Weathering the Privacy Storm from GDPR to CCPA & PDPA
A general approach to privacy, no matter the regulation, is the only way companies can avoid a data protection disaster in 2020 and beyond.
A stat caught my eye while sifting through my news feed recently, and I’ve been noodling on it ever since. Only 28% of firms that must comply with the General Data Protection Regulation (GDPR) are actually in compliance, according to Capgemini research published last fall. Yet, when GDPR went into effect in May 2018, there was an overall sense of confidence that most companies felt ready to comply at the time — 78% of companies, according to the same survey.
This data point showcases a pretty sizable disconnect between perception and reality.
Think about it: We’re already more than 18 months into the regulation coming into full force, and so few companies are actually in compliance. And the regulatory landscape is only getting more complicated as similar regulations go in effect, such as the California Consumer Privacy Act (CCPA) and the lesser-known Personal Data Protection Act (PDPA) in Singapore.
The Evolving Regulatory Landscape
Facing this growing set of regulations, while crucial, is a massive undertaking and it’s certainly not cheap.
For example, if companies are found out of compliance with GDPR, they are looking at penalties upward of 4% of annual global revenue. To put that percentage in perspective, of the 12 major fines handed down since the GDPR took effect in May 2018, that equates to $359 million spent on fines. That is not a small number.
There is also the cost to comply — something virtually all companies face today in some shape or form if they do business on a global basis. For CCPA alone, the initial estimates for getting California businesses into compliance is estimated at around $55 billion, according to the California Department of Justice. And that’s just to comply with one regulation.

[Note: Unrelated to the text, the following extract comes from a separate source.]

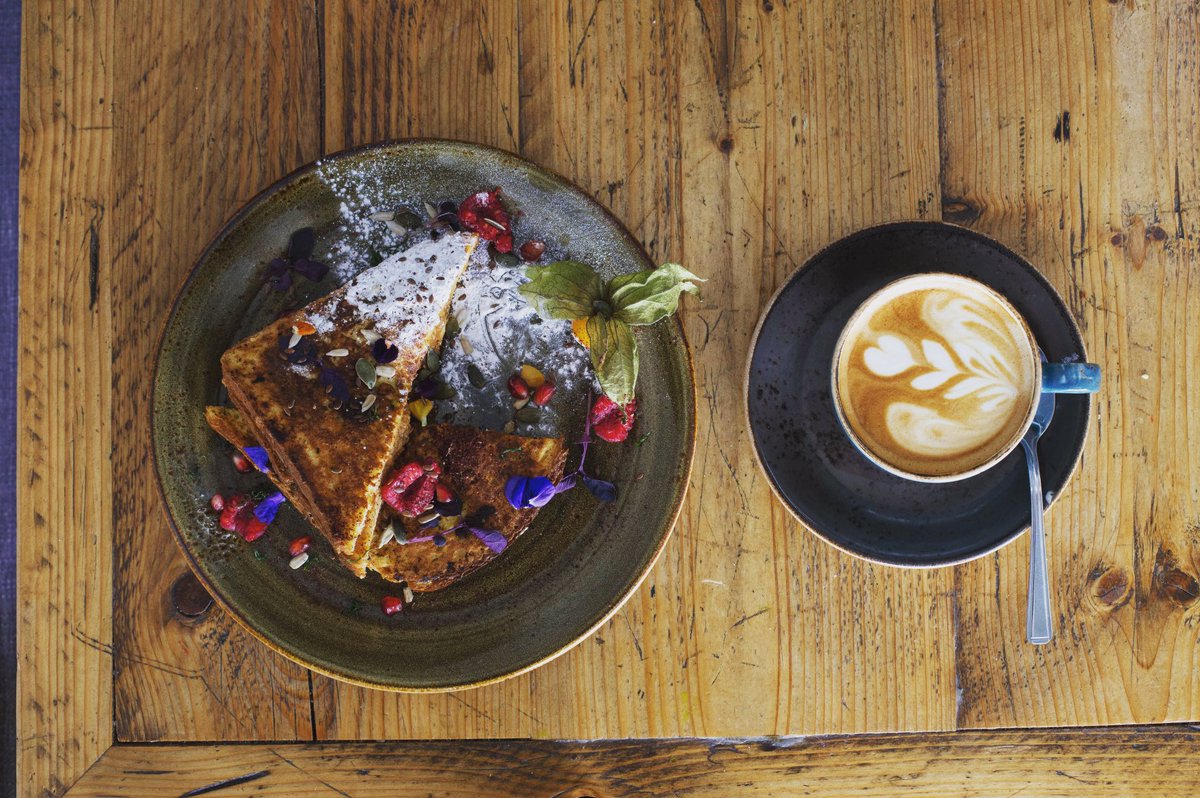 LuckyBrighton's tweet photo. It's a coffee and french toast kinda Sunday 💕 https://t.co/QvzeGjqFa5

The reality is that compliance is expensive but not as expensive as being caught out of compliance. This double-edged sword is unfortunate but it is the world we live in today. So, how should companies navigate in today’s business world to ensure the privacy rights of their customers (and employees) are protected without missing the mark on any one of these regulatory requirements?
“General” Data Protection
A lot of companies are approaching the notion of data privacy in a one-off fashion, addressing various privacy regulations separately from each other. But today, taking that one-by-one approach is not only extremely laborious and taxing on every aspect of the business, it is needless. If we take a step back and ask “What is the lowest common denominator across all these?” the answer is really about knowing what data you actually have and putting the right controls in place to ensure you can properly safeguard it.
Taking this “common denominator” approach can free up a lot of time, energy, and resources dedicated to data privacy efforts across the board.

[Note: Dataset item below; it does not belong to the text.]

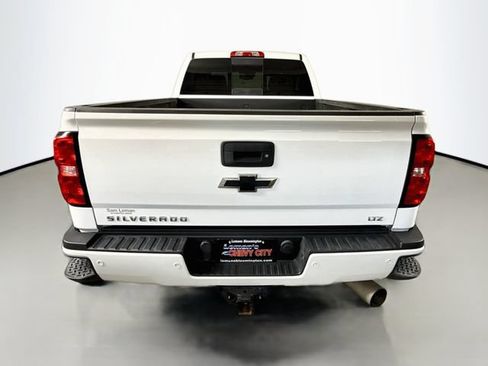 Used 2019 Chevrolet Silverado 2500 LTZ w/ Duramax Plus Package AWD/4WD image 6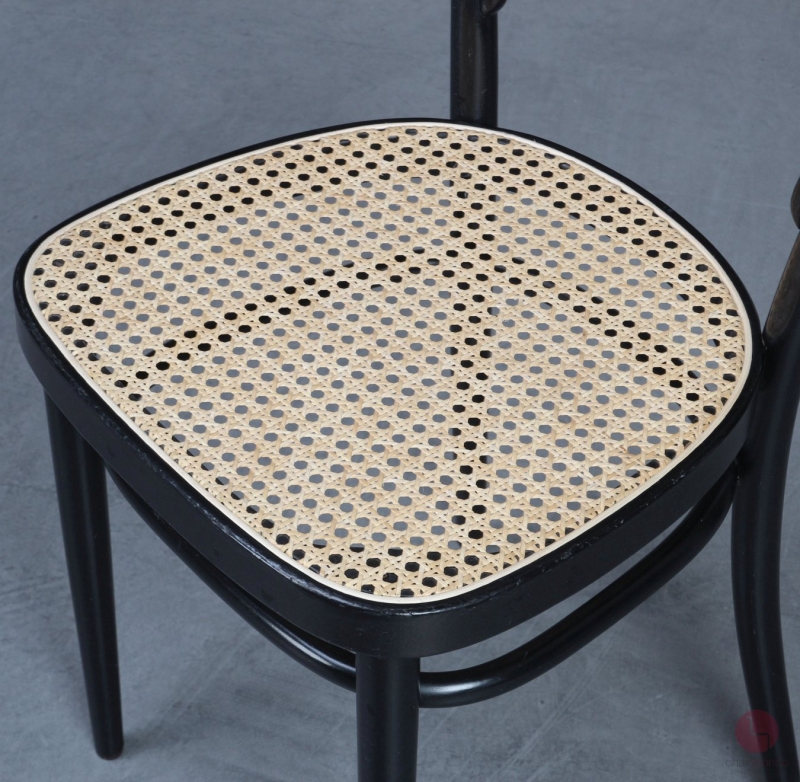 Preview: Thonet 214 Bugholz Stuhl Schwarz mit Wiener Geflecht gebraucht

Consider these fundamental practices:
1. Identify your sensitive data. This information is often stored across systems, databases, and file stores (think Box, SharePoint, etc.). Knowing what sensitive data you have and where it’s stored is a key first step.
2. Know who has access. Getting a clear picture of who has access and ensuring that only the right people who “should” have access actually do is your next key step to protecting your customer’s information.

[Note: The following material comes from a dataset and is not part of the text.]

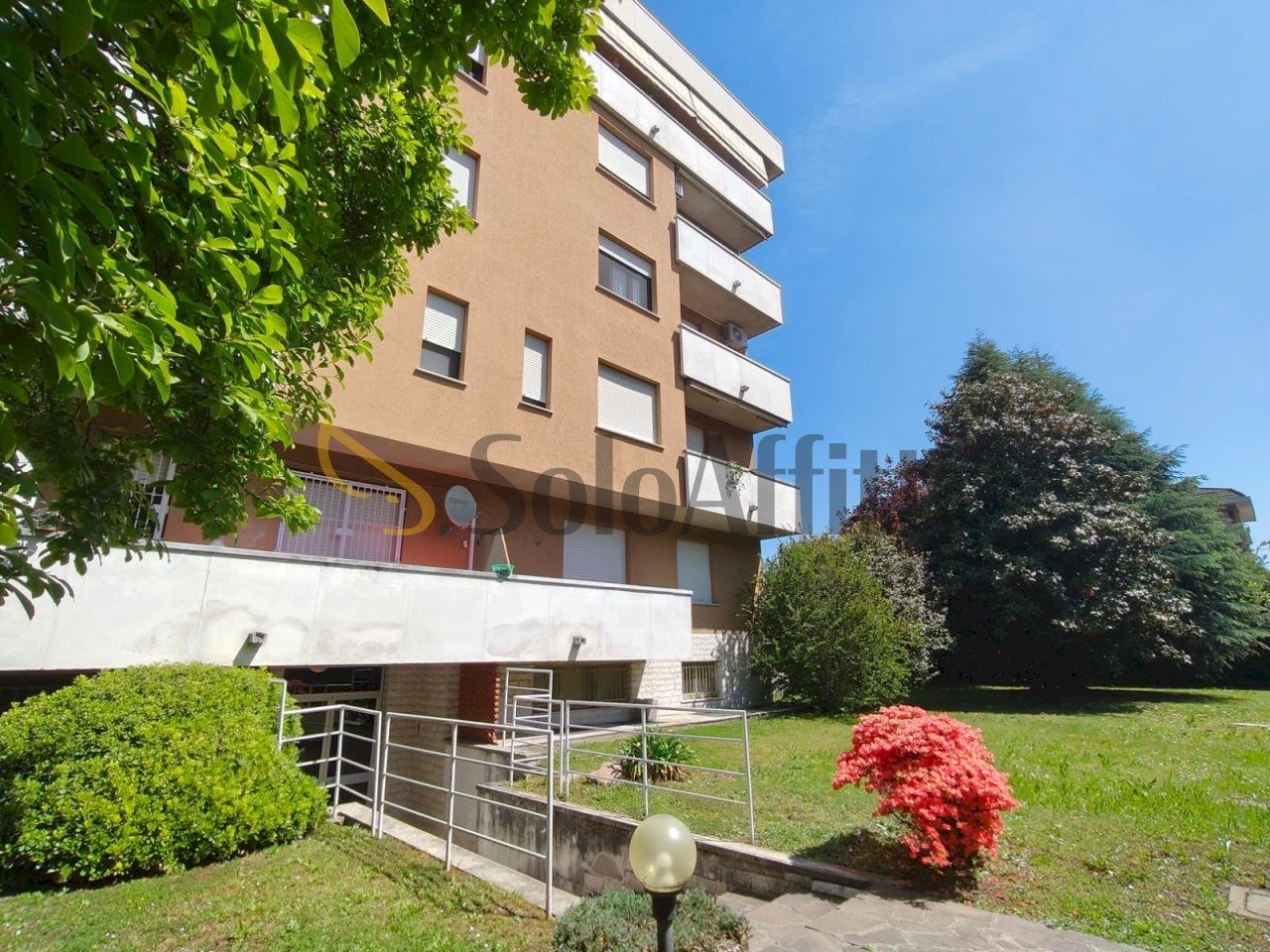 esterno - Three-room apartment Gallarate - photo 1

3. Implement controls and keep them updated. Using policies to keep access consistent is important, but ensuring they are updated and stay current with organizational changes is paramount.
Weathering the Privacy Storm
Taking a general approach to privacy, no matter the regulation is the only way to stay ahead of the privacy storm we’re collectively facing today. We’re already seeing extensions on existing regulations — the California Privacy Rights and Enforcement Act of 2020 is an example of this. CCPA 2.0 as it’s been dubbed, would become an amendment to the CCPA. If this one takes effect, it would create a whole new set of privacy rights that — surprise, surprise — align well with GDPR, putting greater safeguards around protecting sensitive personal information. I fully believe amendments piggybacking on existing regulations is not an isolated, US-centric move, but something we’ll see continue around the world as enforcement becomes stricter with privacy rights more invaluable than ever.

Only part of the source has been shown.